I spent most of my life being the golden child. My
grandparents knew it, my brother knew it and I knew it. While some people think
that’s great that your parents always look to you and celebrate your
accomplishments, it comes with a price. You see as the golden child you have to
keep having accomplishments. You have to keep pushing to the next level. You
have to never talk back. You have to say the right thing and do the right thing
all the time. You develop sort of this perfectionist complex. Everything has to
be perfect, otherwise your world crumbles when you get knocked off your
pedestal. I’m not going to lie, I liked my pedestal, I liked my accolades, I
liked being the center of attention. I relished the thought that the adults in
my life thought so highly of me.
But there came a moment in my life where I got tired of
it. Where just for a second I wanted to be myself. I actually just wanted to
know who that was. I had spent so many years performing I didn’t know who the
real me was. So I went on the search to really understand who I was. Do you
know who I am? I’m smart, kind of intense, a little bit goofy, creative, moody,
overly sarcastic, observant, a bit of an extremist (somehow moderation with
anything has escaped me, it’s all or nothing), blunt, supportive, thoughtful, loyal,
still a bit of a perfectionist, a hard worker, an active learner, I mean these
are all of the adjectives I would use to describe who I am. If you notice there
are good things and bad things on that list. Things that based on a person’s
perspective can be misconstrued as good and bad. And you know what, it took me a really long
time to be okay with that and to actually like who I am. But do you know how I
got there? I made mistakes. I made decisions my mother or father would frown
upon. Basically, I got to know who I was because I stopped trying to be perfect
all the time. And even that is hard for me because I spent my whole life being
that other person. It was nice to meet myself.

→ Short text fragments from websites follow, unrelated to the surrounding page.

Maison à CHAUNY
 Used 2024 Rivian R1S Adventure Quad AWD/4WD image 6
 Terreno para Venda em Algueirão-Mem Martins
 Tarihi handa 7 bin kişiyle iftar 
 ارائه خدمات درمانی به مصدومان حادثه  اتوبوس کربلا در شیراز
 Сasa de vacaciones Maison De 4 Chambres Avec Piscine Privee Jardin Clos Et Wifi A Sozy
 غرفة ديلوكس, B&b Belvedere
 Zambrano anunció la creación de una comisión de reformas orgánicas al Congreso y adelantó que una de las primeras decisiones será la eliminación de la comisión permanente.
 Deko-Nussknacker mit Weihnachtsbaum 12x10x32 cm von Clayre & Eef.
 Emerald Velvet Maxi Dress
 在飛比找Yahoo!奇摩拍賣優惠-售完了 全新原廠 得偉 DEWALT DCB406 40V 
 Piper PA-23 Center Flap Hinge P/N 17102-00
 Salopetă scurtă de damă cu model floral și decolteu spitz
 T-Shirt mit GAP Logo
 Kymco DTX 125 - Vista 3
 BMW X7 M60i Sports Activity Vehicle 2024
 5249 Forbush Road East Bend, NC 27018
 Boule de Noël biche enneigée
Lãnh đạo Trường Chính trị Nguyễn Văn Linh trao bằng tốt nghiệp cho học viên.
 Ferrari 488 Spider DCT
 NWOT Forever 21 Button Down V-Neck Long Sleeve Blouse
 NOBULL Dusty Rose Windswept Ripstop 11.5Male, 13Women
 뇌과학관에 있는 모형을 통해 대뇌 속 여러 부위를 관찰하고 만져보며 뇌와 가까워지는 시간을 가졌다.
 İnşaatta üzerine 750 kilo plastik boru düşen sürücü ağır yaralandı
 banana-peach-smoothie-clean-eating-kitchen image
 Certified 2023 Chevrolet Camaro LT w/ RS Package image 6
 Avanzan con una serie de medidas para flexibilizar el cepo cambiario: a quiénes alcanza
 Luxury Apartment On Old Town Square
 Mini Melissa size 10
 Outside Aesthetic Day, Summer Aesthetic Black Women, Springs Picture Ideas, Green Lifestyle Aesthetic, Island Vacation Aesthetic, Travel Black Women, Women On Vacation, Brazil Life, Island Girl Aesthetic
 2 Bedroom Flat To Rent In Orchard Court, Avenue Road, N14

But here is the thing, my parents, my mom in particular
doesn’t know that person. They don’t know the woman who makes mistakes or is
moody or processes intensely or who overthinks everything and then just jumps
into other things with no in-between. Who sometimes makes bad decisions and
knows that she just has to deal with it. They only know the pedestal girl. And
can I be honest? I’m afraid that if my mother actually got to know me, she
wouldn’t like me. Now I know she loves me, there is no doubt about that. But I
don’t think she would like me. It’s the first time I read that in print. Four
simple words, but every time I see them I pause. She wouldn’t like me.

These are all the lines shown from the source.